**ABOUT THIS TASK:**
Somewhere below is a line with "Matte Gold Finish Triangle Layered Earrings" and, later, a line with "Waterproof Couch Covers"; repeat those two lines and all the lines between them, exactly as they are.
BEGIN TASK INPUTS
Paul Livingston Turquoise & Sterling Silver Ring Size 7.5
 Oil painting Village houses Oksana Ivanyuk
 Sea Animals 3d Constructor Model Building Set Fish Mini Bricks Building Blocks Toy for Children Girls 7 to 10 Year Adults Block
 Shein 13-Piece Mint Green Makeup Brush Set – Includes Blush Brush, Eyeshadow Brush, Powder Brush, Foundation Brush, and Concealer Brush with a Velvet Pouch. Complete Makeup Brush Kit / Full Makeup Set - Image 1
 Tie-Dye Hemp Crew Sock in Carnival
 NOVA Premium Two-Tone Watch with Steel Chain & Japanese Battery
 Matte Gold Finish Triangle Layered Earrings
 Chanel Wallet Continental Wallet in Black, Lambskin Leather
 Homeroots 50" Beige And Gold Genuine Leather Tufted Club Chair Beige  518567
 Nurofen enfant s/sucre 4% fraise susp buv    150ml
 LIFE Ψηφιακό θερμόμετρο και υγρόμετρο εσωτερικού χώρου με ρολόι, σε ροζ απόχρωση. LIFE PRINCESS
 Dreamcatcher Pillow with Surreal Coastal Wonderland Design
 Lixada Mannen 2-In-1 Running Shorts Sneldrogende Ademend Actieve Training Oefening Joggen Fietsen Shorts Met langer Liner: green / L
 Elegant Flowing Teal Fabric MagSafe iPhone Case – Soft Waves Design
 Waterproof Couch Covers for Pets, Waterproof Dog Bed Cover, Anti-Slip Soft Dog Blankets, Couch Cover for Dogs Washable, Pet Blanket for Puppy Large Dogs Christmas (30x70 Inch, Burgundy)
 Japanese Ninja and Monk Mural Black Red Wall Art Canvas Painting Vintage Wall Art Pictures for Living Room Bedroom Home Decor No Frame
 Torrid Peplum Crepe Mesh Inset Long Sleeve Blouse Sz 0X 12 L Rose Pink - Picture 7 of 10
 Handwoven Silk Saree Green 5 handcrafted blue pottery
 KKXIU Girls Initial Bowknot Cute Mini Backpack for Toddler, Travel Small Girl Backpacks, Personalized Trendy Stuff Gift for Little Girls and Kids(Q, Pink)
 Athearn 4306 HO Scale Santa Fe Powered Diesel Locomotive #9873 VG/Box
END TASK INPUTS
**WRITTEN SOLUTION:**
 Matte Gold Finish Triangle Layered Earrings
 Chanel Wallet Continental Wallet in Black, Lambskin Leather
 Homeroots 50" Beige And Gold Genuine Leather Tufted Club Chair Beige  518567
 Nurofen enfant s/sucre 4% fraise susp buv    150ml
 LIFE Ψηφιακό θερμόμετρο και υγρόμετρο εσωτερικού χώρου με ρολόι, σε ροζ απόχρωση. LIFE PRINCESS
 Dreamcatcher Pillow with Surreal Coastal Wonderland Design
 Lixada Mannen 2-In-1 Running Shorts Sneldrogende Ademend Actieve Training Oefening Joggen Fietsen Shorts Met langer Liner: green / L
 Elegant Flowing Teal Fabric MagSafe iPhone Case – Soft Waves Design
 Waterproof Couch Covers for Pets, Waterproof Dog Bed Cover, Anti-Slip Soft Dog Blankets, Couch Cover for Dogs Washable, Pet Blanket for Puppy Large Dogs Christmas (30x70 Inch, Burgundy)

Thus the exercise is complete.